Well the next line is another hardware identifier, followed by its MD5, another number, SHA1, another number, SHA256, and another number. It turns out that these other numbers are the hashes of the upper case! So one is the hash of b07adb5ec8d1818c and the other is the hash of B07ADB5EC8D1818C! Take the hexadecimal and put it to uppercase, then hash that to be absolutely sure you’ve exfiltrated the identifiers and all possible hashed variations! So why do the IMEI’s hashes appear twice? Because the uppercase of a number isn’t any different! Numbers don’t have capitals, yet Kontagent’s SDK cluelessly hashes the upper and lower case version of a number and sends both. If you know how to read .smali (Dalvik assembly) files you can actually see it:
Now at this point you may think, “well, who cares about hashed values.” We already said that hashes can’t be reversed, so it’s not a big deal. The problem with this thinking is that first, if you think of the IMEI only in terms of being a dangerous persistent identifier (because it cannot be reset) then it’s already a big deal. For the purposes of advertisers tracking people across apps so they can profile them and do behavioural advertising: all that is needed is any identifier that is reasonably unique and that cannot be changed. For this purpose, it doesn’t matter if the phone’s IMEI or some function on the IMEI are used, both serve the same purpose, as they both embody these two properties.
But actually, the hashing in this case does nothing to protect the IMEI. It’s like hashing the password “password123” and saying no one can figure out the password from the hash. Hash functions can be easily reversed when there aren’t that many possibilities to begin with. The trick here is that if you have the hash, you just try all possible IMEIs (i.e., all 15-digit numbers), and see which one generates the hash you are looking at—there’s your IMEI! And there aren’t many possible IMEIs. Keep in mind that we are referring to what a computer can do, so trillions of trillions is still “not that many.” For example, commodity computer hardware can perform on the order of hundreds of millions of MD5 hashes per second, so computing every MD5-hashed IMEI would take a few days (but only needs to be computed once). However, as we show next, even less time is needed in practice, because there are actually many fewer than 1015 possible IMEIs.
So why are there not many IMEIs? Well, the IMEI is a 15-digit number. The first eight are the called the Type Allocation Code (TAC) and identify a phone manufacturing run.
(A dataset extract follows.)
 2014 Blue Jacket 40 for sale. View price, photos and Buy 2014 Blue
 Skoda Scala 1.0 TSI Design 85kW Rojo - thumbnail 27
Since you may know that it’s an Android phone to begin with, there are only a few thousand possibilities for the first 8 numbers, which is basically nothing. You can find partial lists of TACs online.
The next 6 digits are the serial number. Assuming that any number is possible here—it’s truly random—then we only have a million possibilities. The last digit is a checksum, so given the rest of the IMEI, there’s only one possibility there.
Most of our phones have the same TAC. It took 13 seconds on a commodity Thinkpad laptop to compute the MD5 hash of all possible IMEIs with that TAC. The resulting file is 50 MiB, which you can keep handy to unhash new IMEIs instantly. Hashing it doesn’t make it any safer. More importantly, none of these apps need to be doing anything with the IMEI—it’s really just the phone company that should know it.